Para ficar perto do Vaticano, temos também a clássica peça de Julio Dantas, A Ceia dos Cardeais (1902) em que três cardeais idosos (um italiano, um francês e um português) se reúnem para cear e relembrar episódios românticos da juventude.

É um gênero teatral acima de tudo, mesmo que tenha um pé firme na literatura – nos séculos 17 e 18 o “Diálogo” era uma das formas literárias mais importantes, tanto quanto o romance, que começava ainda a adquirir a proeminência que tem hoje.

Histórias assim baseiam-se totalmente na substância do que é conversado e no possível carisma dos personagens (e dos atores, claro).

Eu veria com prazer (imagino) uma peça teatral baseada no famoso diálogo entre o conquistador huno Átila, o “Flagelo de Deus”, e o Papa Leão I, no ano 452.  Reza a lenda que os hunos se dispunham a invadir Roma, e o Papa, nesse encontro a dois, perto do acampamento huno, conseguiu dissuadi-lo – não se sabe como.

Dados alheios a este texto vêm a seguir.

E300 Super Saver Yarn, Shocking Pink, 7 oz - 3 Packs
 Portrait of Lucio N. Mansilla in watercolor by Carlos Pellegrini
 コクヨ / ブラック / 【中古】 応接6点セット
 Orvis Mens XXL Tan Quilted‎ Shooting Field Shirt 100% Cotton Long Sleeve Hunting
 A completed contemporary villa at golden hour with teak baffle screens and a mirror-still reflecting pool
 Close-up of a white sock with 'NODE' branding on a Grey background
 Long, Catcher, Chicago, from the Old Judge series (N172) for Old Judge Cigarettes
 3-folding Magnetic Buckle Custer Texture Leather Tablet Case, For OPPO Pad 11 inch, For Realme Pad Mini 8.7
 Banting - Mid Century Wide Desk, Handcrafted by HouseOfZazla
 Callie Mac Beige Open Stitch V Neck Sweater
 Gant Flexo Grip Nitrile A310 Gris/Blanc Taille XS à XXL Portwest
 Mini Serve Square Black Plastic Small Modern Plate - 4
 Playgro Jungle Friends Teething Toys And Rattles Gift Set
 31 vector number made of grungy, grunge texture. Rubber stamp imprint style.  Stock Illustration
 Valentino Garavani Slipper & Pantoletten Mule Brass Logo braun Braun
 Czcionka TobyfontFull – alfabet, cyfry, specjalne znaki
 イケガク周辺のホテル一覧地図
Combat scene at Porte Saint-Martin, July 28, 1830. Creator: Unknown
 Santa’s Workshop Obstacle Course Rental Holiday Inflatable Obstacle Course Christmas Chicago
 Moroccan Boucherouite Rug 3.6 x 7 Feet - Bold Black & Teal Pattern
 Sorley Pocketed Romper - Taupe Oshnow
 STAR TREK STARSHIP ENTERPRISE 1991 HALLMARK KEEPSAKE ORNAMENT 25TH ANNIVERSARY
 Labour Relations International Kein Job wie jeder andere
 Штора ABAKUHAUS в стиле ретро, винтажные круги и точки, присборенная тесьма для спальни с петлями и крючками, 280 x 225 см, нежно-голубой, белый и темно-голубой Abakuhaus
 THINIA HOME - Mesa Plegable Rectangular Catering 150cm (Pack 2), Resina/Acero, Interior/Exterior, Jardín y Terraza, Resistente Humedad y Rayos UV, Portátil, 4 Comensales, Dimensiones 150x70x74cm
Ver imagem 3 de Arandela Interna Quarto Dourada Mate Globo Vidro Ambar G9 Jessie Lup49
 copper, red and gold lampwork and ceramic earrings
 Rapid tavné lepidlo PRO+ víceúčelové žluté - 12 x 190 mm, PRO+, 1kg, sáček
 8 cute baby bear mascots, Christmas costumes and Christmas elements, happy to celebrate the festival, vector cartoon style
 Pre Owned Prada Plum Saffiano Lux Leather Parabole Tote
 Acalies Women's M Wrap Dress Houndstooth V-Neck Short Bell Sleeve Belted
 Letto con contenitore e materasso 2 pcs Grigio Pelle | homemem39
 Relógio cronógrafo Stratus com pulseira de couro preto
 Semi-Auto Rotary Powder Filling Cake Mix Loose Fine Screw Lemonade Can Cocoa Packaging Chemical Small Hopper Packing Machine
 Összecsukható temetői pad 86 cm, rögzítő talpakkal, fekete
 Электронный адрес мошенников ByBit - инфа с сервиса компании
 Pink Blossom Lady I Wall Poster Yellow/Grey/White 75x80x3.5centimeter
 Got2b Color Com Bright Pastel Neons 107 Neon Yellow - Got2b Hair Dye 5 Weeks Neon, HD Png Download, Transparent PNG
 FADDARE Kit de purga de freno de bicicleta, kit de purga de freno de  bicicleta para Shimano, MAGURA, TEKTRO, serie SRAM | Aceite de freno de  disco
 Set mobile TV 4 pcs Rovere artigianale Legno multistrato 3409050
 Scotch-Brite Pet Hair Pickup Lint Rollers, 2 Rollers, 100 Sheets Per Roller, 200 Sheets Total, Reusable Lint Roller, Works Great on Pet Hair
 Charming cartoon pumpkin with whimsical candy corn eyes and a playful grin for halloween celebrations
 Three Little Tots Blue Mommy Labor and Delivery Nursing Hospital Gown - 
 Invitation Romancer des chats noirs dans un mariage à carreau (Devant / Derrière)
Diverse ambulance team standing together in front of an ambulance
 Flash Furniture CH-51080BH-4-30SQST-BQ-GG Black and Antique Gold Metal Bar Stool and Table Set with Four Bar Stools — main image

O filme de Meireles tem claramente uma tremenda limitação criativa, por tratar de indivíduos ainda vivos e em posições de poder. Mesmo com todos os cuidados que o autor tomou, a imprensa comentou várias imprecisões do roteiro. O peso jornalístico, historiográfico, impede que um filme assim tenha liberdade para imaginar, a menos que se trate de detalhes pouco significativos, embora divertidos, como mostrar o argentino ensinando passos de tango ao alemão, ou os dois comendo pizza, ou assistindo juntos a final da Copa de 2014.

A Igreja Católica Romana continua sendo uma fonte permanente de rituais, conspirações, fantasias, enredos melodramáticos.

Traduzi meses atrás o romance Conclave de Robert Harris, a sair pela Editora Intrínseca. É um thriller político ambientado no Vaticano, narrando todo o processo de eleição de um Papa – processo mostrado com rapidez no filme de Meireles. Com maior liberdade de criação, por não usar personagens reais, o livro é um passeio instrutivo pelos “subterrâneos do Vaticano”, suas intrigas, suas máfias, suas armações e traições.

Um Papa honesto teria que ser alguém como o detetive Philip Marlowe, de Raymond Chandler – um indivíduo honesto num mundo corrompido, sabendo que lhe é impossível mudar esse mundo, mas decidido apenas a não se deixar corromper por ele.